Abstract(s)
Dans sa conférence sur l’amitié et la connaissance de soi donnée à Munich, le 12 juillet 1983 lors du colloque « Wissenschaft und Existenz : Ein interdisziplinäres Symposium », Gadamer, manifestement interpellé par la mise en garde heideggérienne en ce qui concerne le fait que « nous ne pensons toujours pas les Grecs de façon assez grecque », va rapprocher la question de la relation à la conception aristotélicienne de l’amitié véritable, « c’est-à-dire pleine et entière », d’où le titre de notre essai, à la lumière de la conviction d’Aristote voulant que « la condition commune de toute amitié réside dans un « attachement » authentique, ce qui veut dire, à des degrés divers, une « coexistence » ». C’est là notre point de départ et notre fil conducteur.
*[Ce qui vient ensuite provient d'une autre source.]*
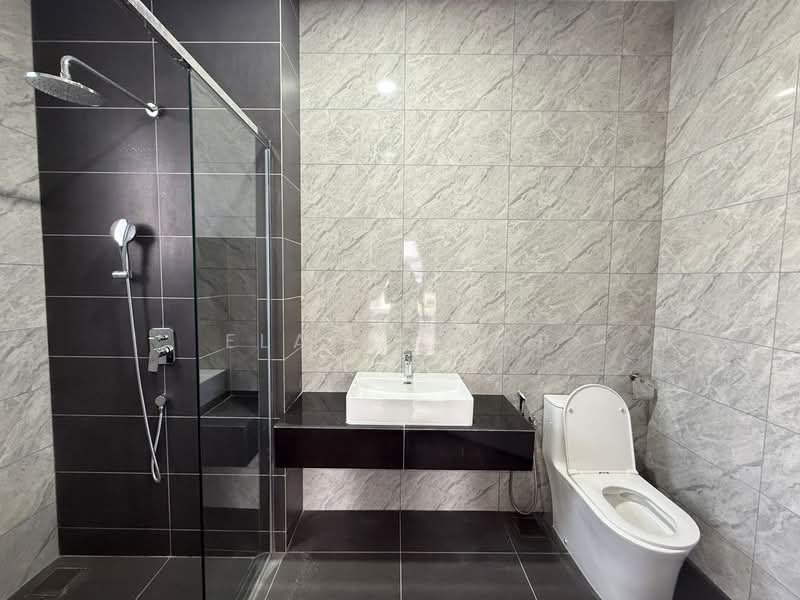 Semi-Detached House for Rent in Eco Ardence (Setia Alam) - Elaine Yap - Bathroom - PropertyGuru.com.my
En tant que réflexion philosophique structurée autour d’un effort de synthèse qui correspond, on pourrait le souligner, à une leçon qui se doit d’être préparée à la fois de manière concise sur la forme et complète vis-à-vis le contenu, notre essai portera de manière encadrée sur la question de l’amitié chez Aristote. Par conséquent, dans l’optique de concrètement centrer notre analyse sur Aristote, il est pertinent de réfléchir la place d’autrui, et par extension, de soi-même, à travers précisément le lien de réciprocité qu’articule l’amitié. Pourquoi est-ce pertinent ? Parce qu’une telle réflexion nous permet de percer au cœur même de « certains paradoxes sur l’amitié, reconnus comme tels par Aristote lui-même, et dont la solution ne peut être cherchée, nous semble-t-il, que dans une réflexion plus générale sur l’anthropologie aristotélicienne »1. En fin de compte, notre réflexion sur l’amitié chez Aristote va ouvrir la voie vers une compréhension plus approfondie du refus aristotélicien de penser l’autosuffisance sans les amis : par l’amitié on s’approche aussi de la présence permanente. On conclura avec l’idée que l’« échange avec nos amis, c’est-à-dire ceux qui partagent nos opinions et nos projets, mais qui peuvent aussi les corriger ou les confirmer, nous permet de nous approcher du divin ou, pour le dire autrement, de l’existence idéale » du moment que l’amitié rend possible « ce qui autrement nous est refusé en tant qu’hommes ». Gadamer et Aubenque vont nous épauler.